Lo Schiavo ribelle è una scultura marmorea (altezza 215 cm) di Michelangelo, databile al 1513 circa e conservata nel Museo del Louvre a Parigi.

Storia[modifica | modifica sorgente]

I due "schiavi" del Louvre risalgono al secondo progetto per la tomba di Giulio II, quello concordato con gli eredi Della Rovere nel maggio 1513. Sebbene fosse stato accantonato il gigantesco mausoleo iniziale, l'opera era ancora molto monumentale, con un corredo scultoreo decisamente ricco, e Michelangelo si mise subito all'opera. Tra le prime opere completate ci sono appunto i due Prigioni, ribattezzati "Schiavi" solo nell'Ottocento, destinate alla parte inferiore del monumento funebre, a ridosso dei pilastri che incorniciano le nicchie con le Vittorie: la loro posa quindi doveva potenziare plasticamente l'architettura, per questo essi hanno una veduta principale di grande effetto, ma sono meno curate del solito quelle laterali.

La datazione delle due statue è confermata da una lettera di Michelangelo a Marcello dei Covi, in cui parlò di una vista di Luca Signorelli nella sua casa romana mentre lavorava a "una figura di marmo, ritta alta quattro braccia, che à le mani dietro".

Tutti i Prigioni, che rimasero nello studio dell'artista, vennero eliminati dal monumento nel progetto finale del 1542. Nel 1546 Michelangelo donò le due opere del Louvre a Roberto Strozzi, per la generosa accoglienza ricevuta nella sua casa romana durante le malattie del luglio 1544 e del gennaio 1546. Quando lo Strozzi fu esiliato a Lione, per la sua opposizione a Cosimo I de' Medici, si fece inviare le due statue nell'aprile 1550. Nell'aprile del 1578 vennero viste sotto due nicchie nel cortile del castello del connestabile di Montmorency a Ecouen, nei pressi di Parigi.

Nel 1632 furono regalate da Enrico II di Montmorency al cardinale Richelieu, che le fece mettere nel suo castello di Poitou, dove vennero viste da Gianlorenzo Bernini in viaggio, che ne fece anche un'illustrazione.

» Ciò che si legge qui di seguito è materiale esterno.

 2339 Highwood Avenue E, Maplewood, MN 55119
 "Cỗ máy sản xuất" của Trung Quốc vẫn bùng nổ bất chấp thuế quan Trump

Nel 1749 l'allora Duca di Richelieu le fece portare a Parigi, nel Pavillon de Hannovre. Furono sequestrate nel 1793, quando la vedova dell'ultimo dei marescialli di Richelieu tentò di metterle in vendita, diventando di proprietà governativa e confluendo nelle collezioni che oggi sono al Louvre.

Descrizione e stile[modifica | modifica sorgente]

Lo Schiavo ribelle è ritratto mentre cerca di liberarsi dai legacci che gli imprigionano le mani dietro la schiena, contorcendosi e ruotando il busto e la testa. La sensazione che doveva trasmettere era quella di conferire ulteriore spazialità al monumento, avvicinandosi suggestivamente verso lo spettatore, sia con la spalla che col ginocchio sollevato, appoggiato su uno scalino.

Il significato iconologico delle due figure è probabilmente legato al motivo dei Captivi nell'arte romana, infatti Vasari li identificò come personificazioni delle province controllate da Giulio II; per il Condivi invece simboleggerebbero le Arti rese prigioniere dopo la morte del pontefice. Lo Schiavo ribelle in particolare, poteva rappresentare la scultura o l'architettura, ma si tratta di congetture. Altre letture sono state proposte di carattere filosofico-simbolico o legate alla vita personale dell'artista e i suoi "tormenti".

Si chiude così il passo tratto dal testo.